Write out every record below exactly as it appears, omitting the pictures.

:: Supplied records ::

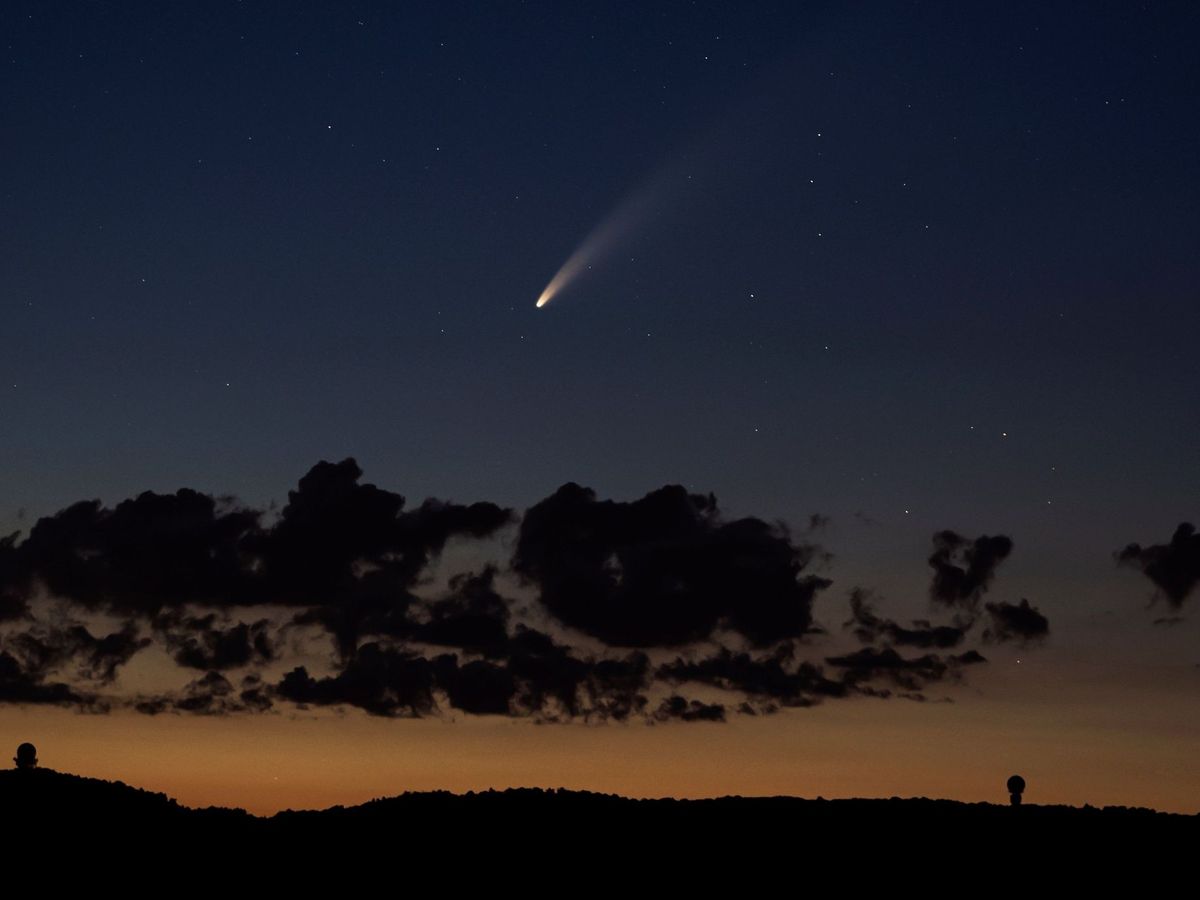 Foto: El cometa NEOWISE o C 2020 F3 se ve junto a las nubes sobre la montaña Buschberg en Puerstendorf, Austria. (Efe)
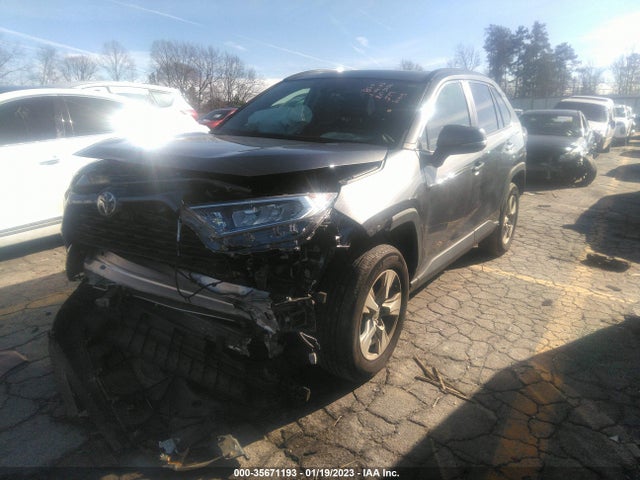 2021 TOYOTA RAV4 XLE VIN: 2T3W1RFV5MC133256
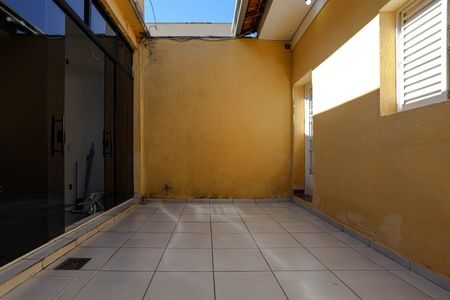 Casa para alugar com 170m², 2 quartos e 6 vagas Casa para alugar com 170m², 2 quartos e 6 vagasQuintal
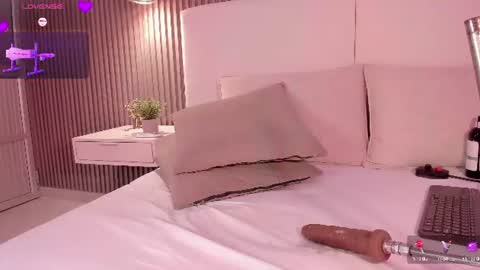 Snapshot of anniie_clarkson chatting on June 2026 09:26:01 PM ANNIE online show from June 2026 09:26:01 PM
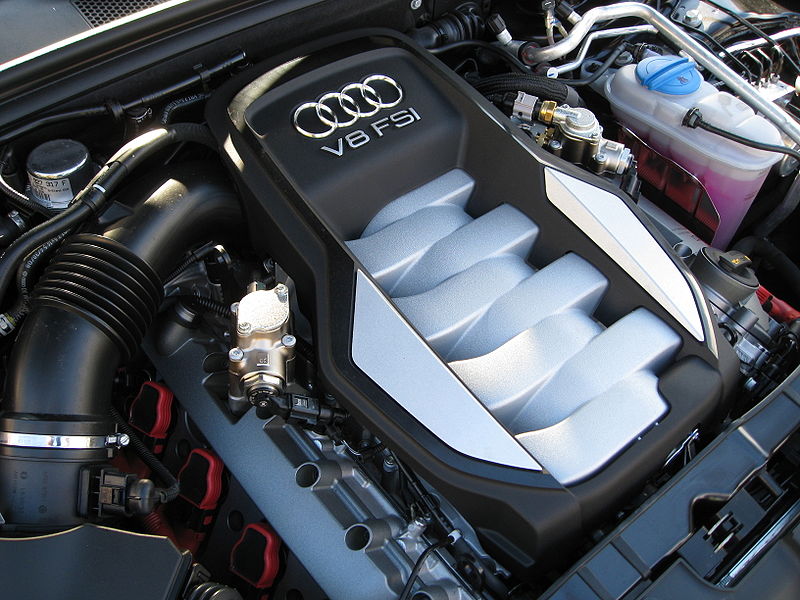Audi S5 V8 FSI Engine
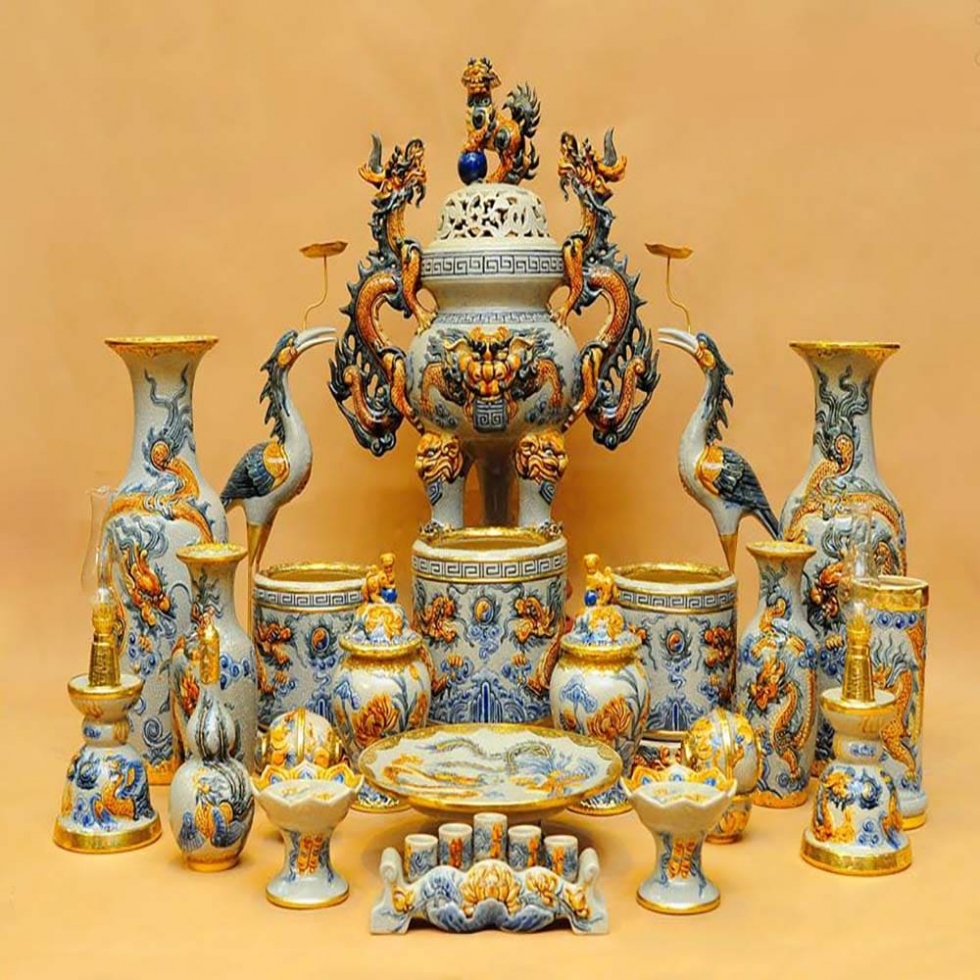 Đồ thờ cúng bằng sứ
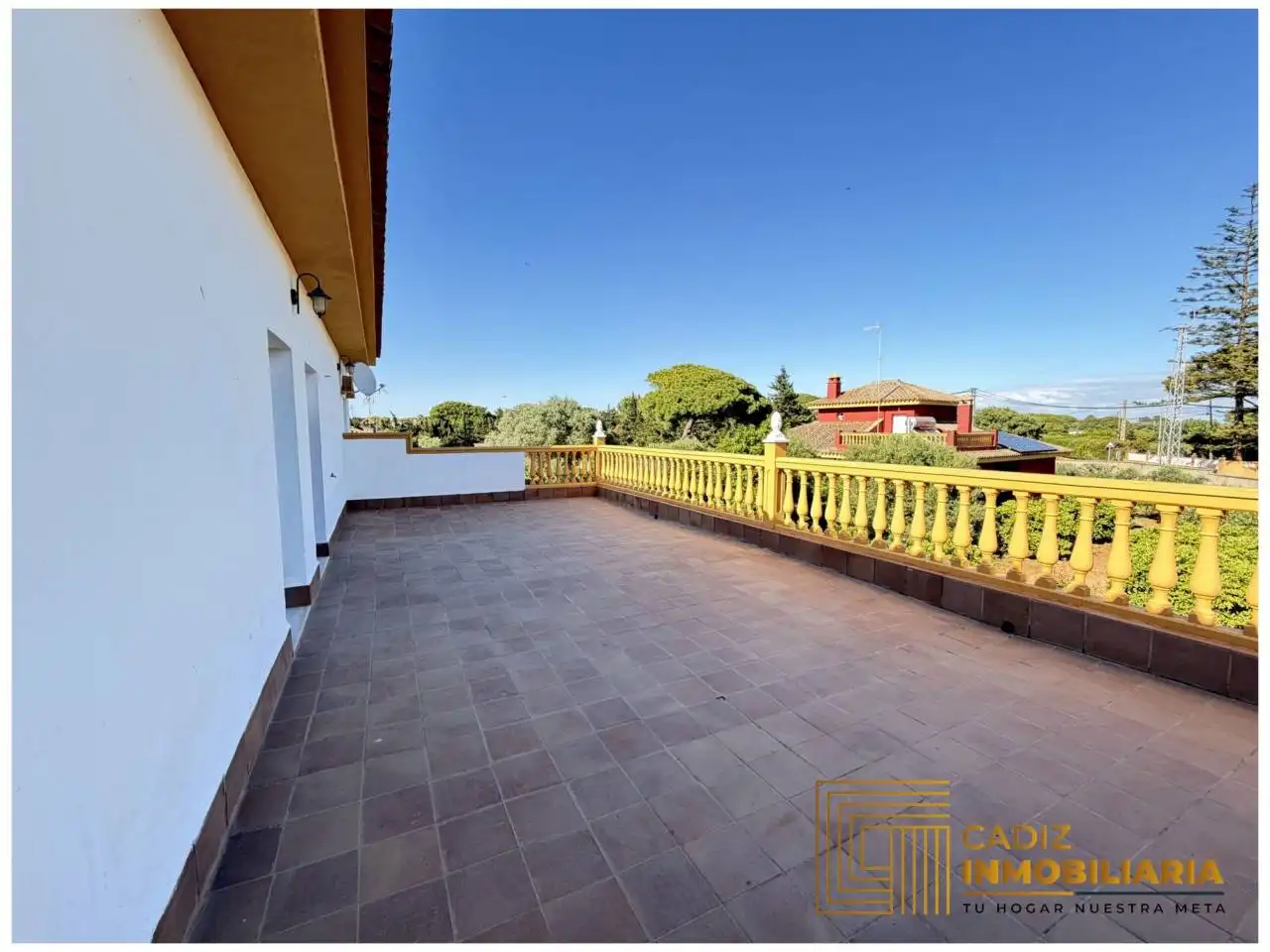 Terrassa de Casa o xalet en venda en Chiclana de la Frontera amb Aire condicionat, Calefacció i Jardí privat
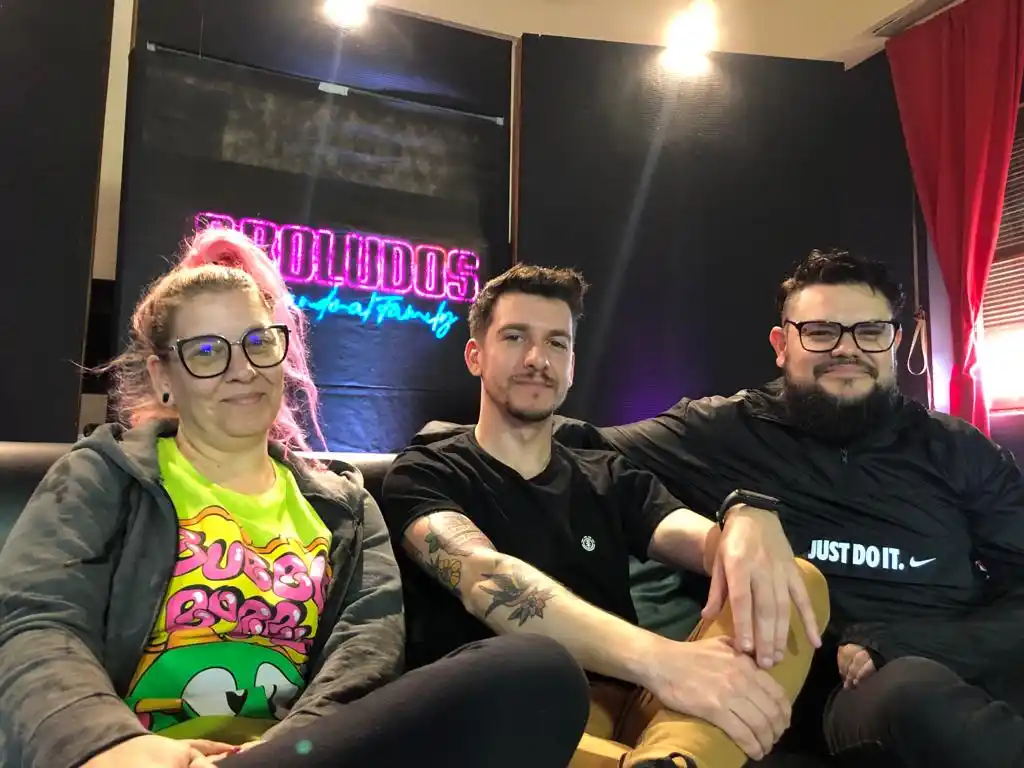 Juegan al Family Game, transmiten desde Villa Laza y crecen en Twitch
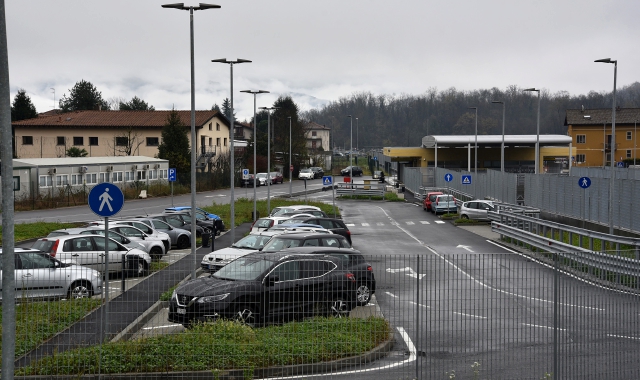 Ladri di benzina in stazione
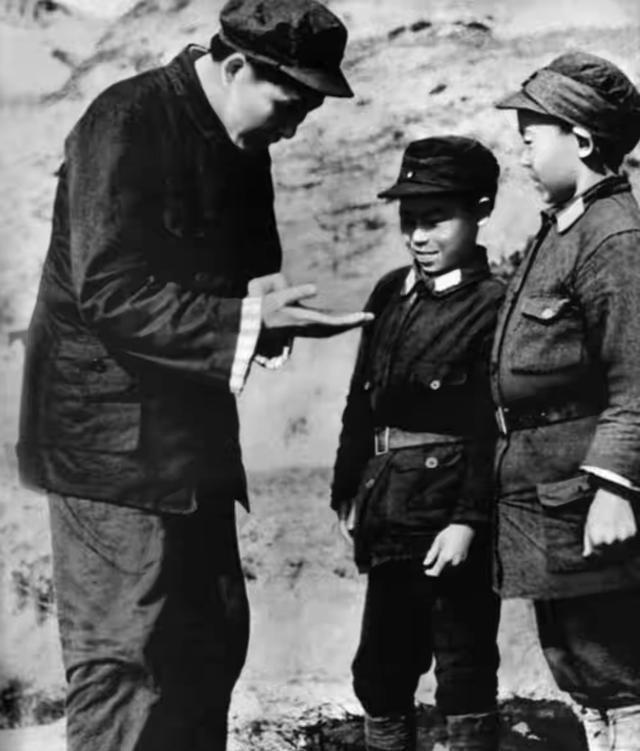 原国务院总理李鹏坦言：外界传闻我是周总理养子的说法	，并不确切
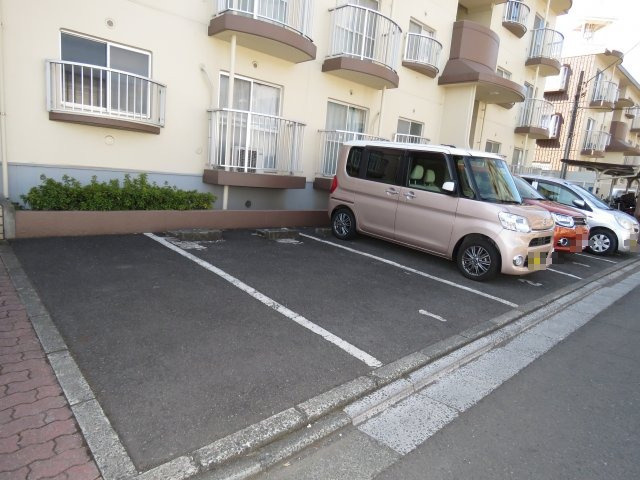 オークヒル2の駐車場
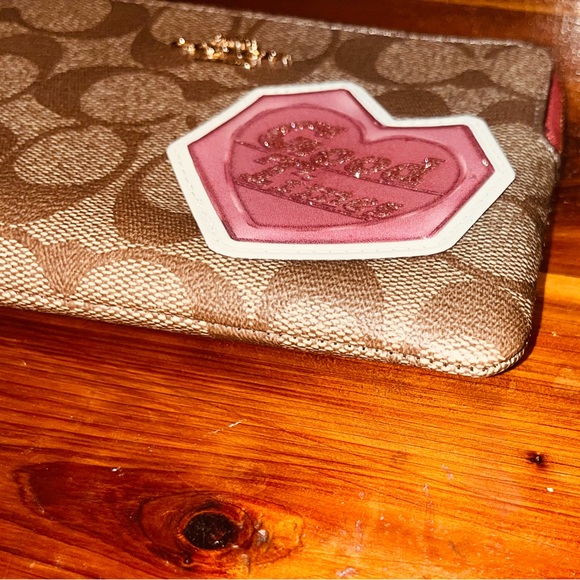 See New Listing —💌 NWT* COACH Disco Patch *Good Times* Signature Coated Canvas - Picture 8 of 11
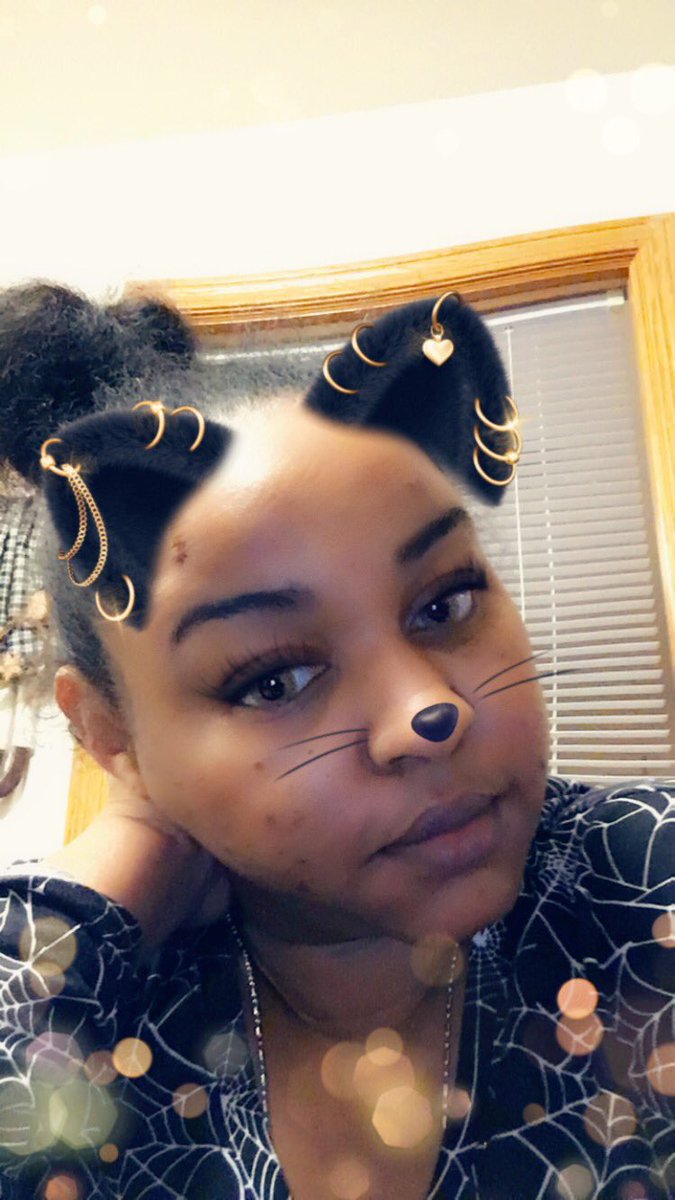 CancerMo69's tweet image. The look when u did a double n ready to go home 😒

:::

• _Response box_:
 Foto: El cometa NEOWISE o C 2020 F3 se ve junto a las nubes sobre la montaña Buschberg en Puerstendorf, Austria. (Efe)
 2021 TOYOTA RAV4 XLE VIN: 2T3W1RFV5MC133256
 Casa para alugar com 170m², 2 quartos e 6 vagas Casa para alugar com 170m², 2 quartos e 6 vagasQuintal
 Snapshot of anniie_clarkson chatting on June 2026 09:26:01 PM ANNIE online show from June 2026 09:26:01 PM
Audi S5 V8 FSI Engine
 Đồ thờ cúng bằng sứ
 Terrassa de Casa o xalet en venda en Chiclana de la Frontera amb Aire condicionat, Calefacció i Jardí privat
 Juegan al Family Game, transmiten desde Villa Laza y crecen en Twitch
 Ladri di benzina in stazione
 原国务院总理李鹏坦言：外界传闻我是周总理养子的说法	，并不确切
 オークヒル2の駐車場
 See New Listing —💌 NWT* COACH Disco Patch *Good Times* Signature Coated Canvas - Picture 8 of 11
 CancerMo69's tweet image. The look when u did a double n ready to go home 😒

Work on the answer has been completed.